The maturity playing in enemy territory that Briles mentioned will be called upon more than once this season. Baylor’s offense, which has been the engine for the Bears through the past few years, started fast. It did not take long for the Bears to find their tempo. It started from the first offensive series for the Bears.

In his first game back from cracking two bones in his back against SMU, senior quarterback Bryce Petty led Baylor’s offense to four touchdowns in its first four possessions. This set up the Bears’ 35-0 halftime, putting the game virtually out of reach for the Bulls in just one half.

Most teams usually play more conservative on the road, but the Bears showed they are willing to take the shots they always take, at home or away.

“I thought Bryce Petty was exceptional to be honest with you and that’s the Bryce that we are used to knowing,” Briles said. “He got us to the line of scrimmage, threw the ball around and protected himself. When you have an experienced quarterback like that, you ought to convert third downs and that’s how we look at it.”

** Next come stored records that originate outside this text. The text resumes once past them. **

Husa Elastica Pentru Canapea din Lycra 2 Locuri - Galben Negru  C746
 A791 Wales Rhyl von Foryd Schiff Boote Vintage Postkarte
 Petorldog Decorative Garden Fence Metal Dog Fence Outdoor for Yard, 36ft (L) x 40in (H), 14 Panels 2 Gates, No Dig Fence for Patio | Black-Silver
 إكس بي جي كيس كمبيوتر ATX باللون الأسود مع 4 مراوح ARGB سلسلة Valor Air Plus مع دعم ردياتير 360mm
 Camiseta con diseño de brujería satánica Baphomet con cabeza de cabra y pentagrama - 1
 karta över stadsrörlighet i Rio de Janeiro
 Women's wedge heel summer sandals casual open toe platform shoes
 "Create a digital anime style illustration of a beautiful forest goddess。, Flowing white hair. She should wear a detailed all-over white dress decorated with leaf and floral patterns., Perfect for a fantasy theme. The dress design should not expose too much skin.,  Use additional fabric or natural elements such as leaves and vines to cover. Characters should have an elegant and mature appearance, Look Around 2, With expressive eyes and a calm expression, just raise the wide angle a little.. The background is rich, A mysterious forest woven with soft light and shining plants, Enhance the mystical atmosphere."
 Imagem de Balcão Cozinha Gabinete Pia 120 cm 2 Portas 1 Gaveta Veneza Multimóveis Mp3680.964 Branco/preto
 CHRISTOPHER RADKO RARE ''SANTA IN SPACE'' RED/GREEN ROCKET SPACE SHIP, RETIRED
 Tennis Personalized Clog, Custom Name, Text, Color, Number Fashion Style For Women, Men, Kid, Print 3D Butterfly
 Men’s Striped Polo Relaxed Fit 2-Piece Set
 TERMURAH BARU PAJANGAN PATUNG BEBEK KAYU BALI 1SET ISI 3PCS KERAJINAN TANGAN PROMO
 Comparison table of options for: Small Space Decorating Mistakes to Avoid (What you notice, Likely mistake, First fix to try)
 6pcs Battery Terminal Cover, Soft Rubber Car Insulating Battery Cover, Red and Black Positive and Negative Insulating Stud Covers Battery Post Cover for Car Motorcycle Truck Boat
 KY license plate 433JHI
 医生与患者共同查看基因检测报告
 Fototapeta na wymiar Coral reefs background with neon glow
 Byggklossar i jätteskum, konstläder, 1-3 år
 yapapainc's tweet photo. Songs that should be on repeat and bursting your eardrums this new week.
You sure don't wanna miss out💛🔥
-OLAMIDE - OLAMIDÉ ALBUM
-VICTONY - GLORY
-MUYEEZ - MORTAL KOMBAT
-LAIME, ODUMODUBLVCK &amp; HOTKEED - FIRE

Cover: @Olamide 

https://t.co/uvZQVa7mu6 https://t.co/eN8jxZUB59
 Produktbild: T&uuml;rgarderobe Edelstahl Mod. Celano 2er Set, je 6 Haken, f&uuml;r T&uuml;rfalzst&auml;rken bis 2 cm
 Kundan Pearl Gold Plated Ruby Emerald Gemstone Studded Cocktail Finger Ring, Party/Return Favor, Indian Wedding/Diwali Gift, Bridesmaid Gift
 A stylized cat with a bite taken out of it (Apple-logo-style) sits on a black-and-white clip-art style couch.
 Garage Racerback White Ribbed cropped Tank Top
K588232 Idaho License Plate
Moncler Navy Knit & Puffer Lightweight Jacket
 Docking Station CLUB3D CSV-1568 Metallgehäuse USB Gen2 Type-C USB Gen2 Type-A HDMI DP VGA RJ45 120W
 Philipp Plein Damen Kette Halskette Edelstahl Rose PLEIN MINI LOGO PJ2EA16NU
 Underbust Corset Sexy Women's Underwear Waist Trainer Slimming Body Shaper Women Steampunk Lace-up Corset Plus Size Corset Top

All of this offensive domination came without four of the regular starting receivers for the Bears in the lineup. Seniors Antwan Goodley, Levi Norwood, Clay Fuller and sophomore Corey Coleman were all unavailable for the Buffalo game. Even without those players, the Bears had no problem moving the ball and cutting through the defense before they had chance to settle into the game.

Baylor’s defense had another shutdown first half, allowing no touchdowns and a minimal number of big plays. Though there was one play that leaves lingering questions to be answered by the defense. The game could have easily been 7-7 at one point in the first half; Buffalo quarterback Joe Licata found his receiver Marcus McGill with acres of space on the right sideline. Licata’s pass was perfect, but McGill botched the easy catch.

Outside of the opportunity, Baylor’s first team defense disallowed Buffalo from any real effect on the score in the first half. The second half’s defensive lineup consisted mainly of second and third-stringers, which was when Buffalo’s first team offense scored all the points they scored in the entire game.

“Having the young guys [at Buffalo] experience that is good because there are a lot of distractions heading into a big game,” junior offensive tackle Spencer Drango said. “You have to learn to kind of manage those games. When I was in high school, we had a lot of fans, sometimes up to 16,000 fans, but comparing that to the 45 to 50,000 that you usually see in the Big 12, and even at Texas up in the 80 to 90,000 range, it is a lot different having to make that adjustment from high school to college.”

The maturity of the younger players as well as the depth of the roster was tested in another unique challenge that was convincingly overcome by this Bears team on a three-game winning streak. Baylor will need that experience as it moves forward into Big 12 play.

The Bears put their undefeated record on the line at Iowa State to open conference play at 7:30 p.m. Sept. 27 in Ames, Iowa. The game will be broadcast nationally on FOX.